Soli Deo gloria

àJésus est venu révéler le Père, le Dieu créateur.

Et au milieu de son peuple, il fit vite le constat de la manière dont vivait son peuple, le peuple de la révélation à qui Dieu avait confié la Loi au travers de Moïse.

Il s’en prend aux responsables religieux qui, eux, s’étaient permis de modifier certaines lois pour les mettre à leur convenance.

Mais Jésus dénonçait plutôt leur hypocrisie parce qu’il obligeaient le peuple à les mettre en pratique et eux, ne les appliquaient pas.

La Parole de Dieu est autorité.

Colossien ch1v.15,16 nous le rappelle bien.

Le fils est l’image du Dieu invisible, le premier-né de toute la création.
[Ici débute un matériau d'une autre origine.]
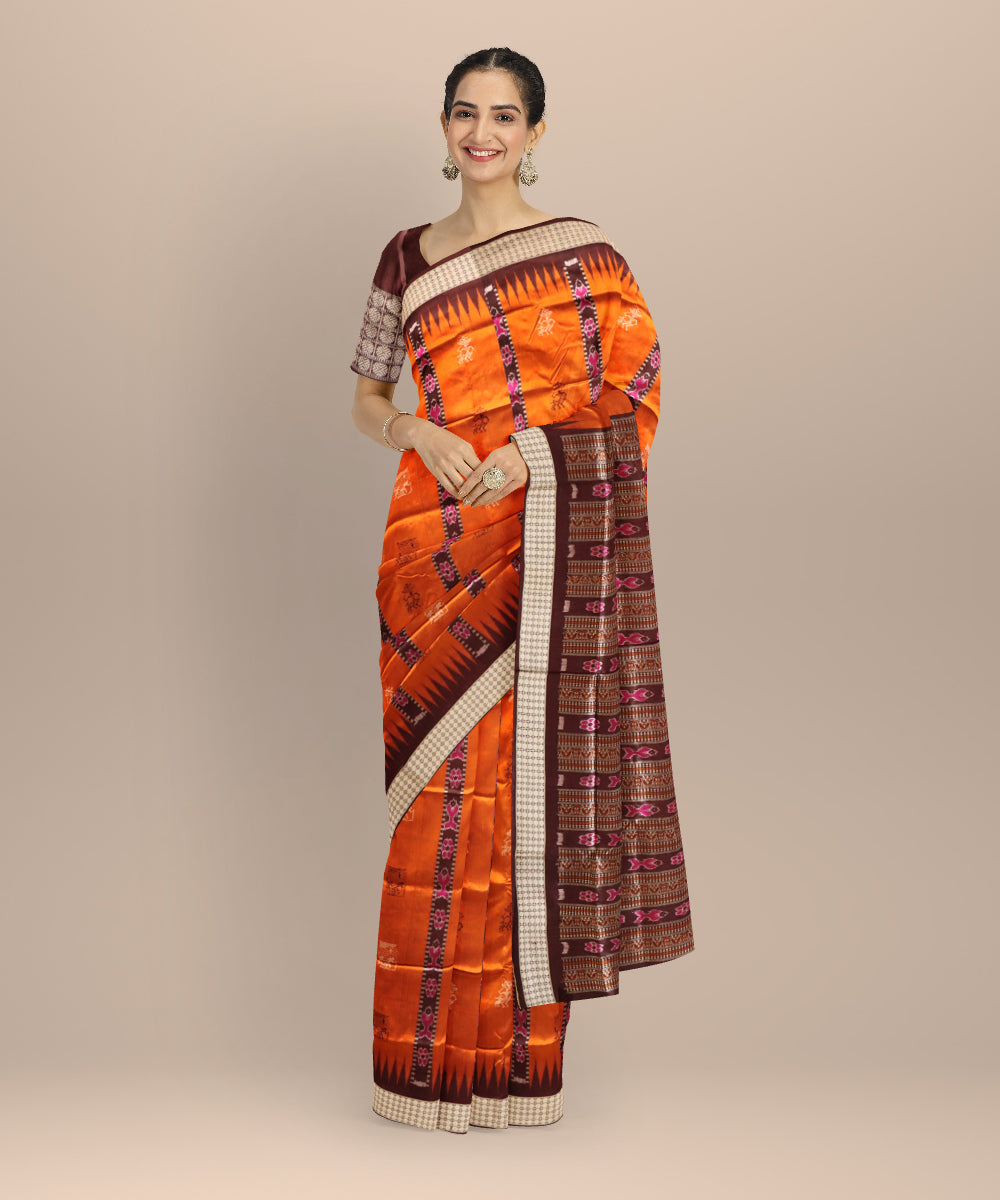 Mustard coffee silk handloom sambalpuri saree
En effet, c’est en Lui que tout a été créé dans le ciel et sur la terre; le visible et l’invisibles, trônes, souverainetés, dénominations, autorités. Tout a été créé par Lui et pour Lui.

Si on touche à la Parole de Dieu, on touche à l’autorité de Dieu.

Personne ne peut s’accaparer l’autorité de Dieu!

La classe dirigeante d’Israël, les responsables religieux, eux, se permettaient celà. Jésus a toujours été confronté à eux à cause de ce problème.

Le chapitre 23 de Matthieu nous le montre bien. : par les premiers versets, Jésus s’adresse au peuple, puis il s’en prend aux responsables religieux :

Malheur à vous, spécialistes de la Loi et pharisiens hypocrites…

Et les paroles de Jésus sont à la hauteur de leur hypocrisie.

Lisons, maintenant les premiers versets du chapitre 23 de Matthieu.

Matthieu 23.1-12
Alors Jésus dit aux foules et à ses disciples : « Les maîtres de la loi et les Pharisiens sont chargés d’expliquer la loi de Moïse. Donc, vous devez leur obéir et vous devez faire tout ce qu’ils vous disent, mais n’agissez pas comme eux. En effet, ils ne font pas ce qu’ils disent. Ils rassemblent des charges très lourdes et ils les mettent sur les épaules des gens. Mais eux, ils refusent d’y toucher, même avec un seul doigt ! Toutes leurs actions, ils les font pour que les gens les regardent. Ainsi, ils agrandissent leurs phylactères. Ils allongent aussi les franges de leurs vêtements. Ils choisissent les premières places dans les grands repas et les premiers sièges dans les maisons de prière. Ils aiment qu’on les salue sur les places de la ville et que les gens les appellent « Rabbi ». Mais vous, ne vous faites pas appeler « Rabbi ». En effet, vous avez un seul enseignant et vous êtes tous frères. N’appelez personne sur la terre « Père » . En effet, vous avez un seul Père, celui qui est dans les cieux. Ne vous faites pas non plus appeler « Maître ». En effet, vous avez un seul maître, le Christ. Le plus important parmi vous doit se mettre à votre service. Celui qui veut être au-dessus des autres recevra la dernière place. Et celui qui prend la dernière place sera mis au-dessus des autres. »
(…)

Le grand compositeur allemand Jean-Sébastien Bach signait ses partitions avec les trois lettres SDG, et parfois avec l’expression latine en entier : Soli Deo Gloria. A Dieu seul la gloire.

A Dieu seul la gloire.

A travers ses exhortations, c’est un peu cette même signature que Jésus aimerait que nous fassions figurer sur la partition de nos vies : A Dieu seul la gloire !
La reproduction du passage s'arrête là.